When the switch is closed I need the pin on the microcontroller to be high impedance, when the switch is open I need it connected to the ground. I need the leakage current to be minimal. What should I use? An inverter, an open drain transistor, or are there any other options, like an inverting relay package?
Fix the overall design so you don't have inconvenient issues like this at the lower levels.
The first obvious solution is to use a normally closed reed switch. Second, why is the polarity important when it's going into a micro that can interpret high or low any way it wants to? If you need to minimize power, have the micro sample the switch periodically, turning on the pullup or pulldown for a few 10s of µs only around the test. If this switch needs to be detected on a human time scale, then sampling every 50 ms will probably be good enough.
If you really really need to have a switch cause high impedance when closed and pull to ground when open, one FET and one resistor can do this:
This won't work well if there is any noise on the switch line, since the FET gate is at high impedance. You can use a lower resistor, but that increases current too. If you're going to reduce the resistor to have a few mA thru it when the switch is closed, you might as well substitute a NPN bipolar transistor for the N FET shown.

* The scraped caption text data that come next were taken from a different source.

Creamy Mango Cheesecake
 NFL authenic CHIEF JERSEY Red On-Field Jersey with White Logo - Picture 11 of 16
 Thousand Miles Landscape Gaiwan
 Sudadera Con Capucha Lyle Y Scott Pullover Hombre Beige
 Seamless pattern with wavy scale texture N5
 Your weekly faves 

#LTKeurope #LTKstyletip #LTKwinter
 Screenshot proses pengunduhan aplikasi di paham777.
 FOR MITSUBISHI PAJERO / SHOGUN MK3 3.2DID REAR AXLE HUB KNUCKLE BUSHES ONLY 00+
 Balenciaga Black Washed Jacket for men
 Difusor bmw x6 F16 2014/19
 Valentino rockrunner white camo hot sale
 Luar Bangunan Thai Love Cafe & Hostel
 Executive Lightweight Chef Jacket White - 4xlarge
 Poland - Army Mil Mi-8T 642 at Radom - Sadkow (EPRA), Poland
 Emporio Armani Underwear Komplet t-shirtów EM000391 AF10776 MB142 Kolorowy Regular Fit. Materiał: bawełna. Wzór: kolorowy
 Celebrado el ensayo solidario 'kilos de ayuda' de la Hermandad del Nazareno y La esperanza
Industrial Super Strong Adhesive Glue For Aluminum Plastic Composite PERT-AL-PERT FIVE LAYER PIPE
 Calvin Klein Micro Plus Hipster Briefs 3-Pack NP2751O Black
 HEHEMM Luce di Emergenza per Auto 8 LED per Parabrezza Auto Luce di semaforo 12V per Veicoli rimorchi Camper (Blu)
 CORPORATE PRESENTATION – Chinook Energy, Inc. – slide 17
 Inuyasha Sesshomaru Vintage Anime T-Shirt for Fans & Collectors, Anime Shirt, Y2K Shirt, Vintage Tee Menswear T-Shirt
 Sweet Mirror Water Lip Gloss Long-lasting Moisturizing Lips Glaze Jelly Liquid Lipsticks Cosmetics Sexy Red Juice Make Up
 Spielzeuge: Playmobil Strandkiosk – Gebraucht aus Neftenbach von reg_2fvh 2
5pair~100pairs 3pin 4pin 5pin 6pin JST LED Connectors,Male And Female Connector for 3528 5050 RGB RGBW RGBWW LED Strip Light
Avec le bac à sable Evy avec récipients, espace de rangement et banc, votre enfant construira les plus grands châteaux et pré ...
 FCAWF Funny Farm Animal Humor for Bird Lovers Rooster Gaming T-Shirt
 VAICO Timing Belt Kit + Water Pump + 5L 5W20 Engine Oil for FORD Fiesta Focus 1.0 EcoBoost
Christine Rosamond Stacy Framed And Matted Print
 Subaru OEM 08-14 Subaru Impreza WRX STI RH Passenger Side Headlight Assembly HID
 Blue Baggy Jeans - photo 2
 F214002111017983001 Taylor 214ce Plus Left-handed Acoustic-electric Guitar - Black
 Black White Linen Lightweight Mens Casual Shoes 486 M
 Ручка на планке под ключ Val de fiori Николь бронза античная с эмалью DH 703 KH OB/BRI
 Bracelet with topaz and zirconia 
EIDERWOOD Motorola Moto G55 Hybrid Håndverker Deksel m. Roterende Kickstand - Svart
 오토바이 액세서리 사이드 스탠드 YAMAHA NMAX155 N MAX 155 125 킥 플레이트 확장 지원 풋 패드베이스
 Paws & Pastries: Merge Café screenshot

Depending upon how quickly you need the switch to react to events, and depending upon what other circuitry you have in your design, I would suggest that you might want to consider using a port pin with a switchable pull-up resistor. Periodically wake up, enable the pull-up, and check the pin state. If high, and if if the processor can wake on a falling edge, leave the pull-up enabled. Otherwise disable it. An alternative approach in some cases if you have available a signal which is mostly low but occasionally pulses high is to connect both that signal and the switch to inputs of an "or" gate, and have the output of that gate connect back to the switch via high-value resistor. This will offer instant response to switch closures, and will respond to switch opening at a time dependent upon the pulse signal; the logic level on the switch pin will only change, though, when the switch opens or closes.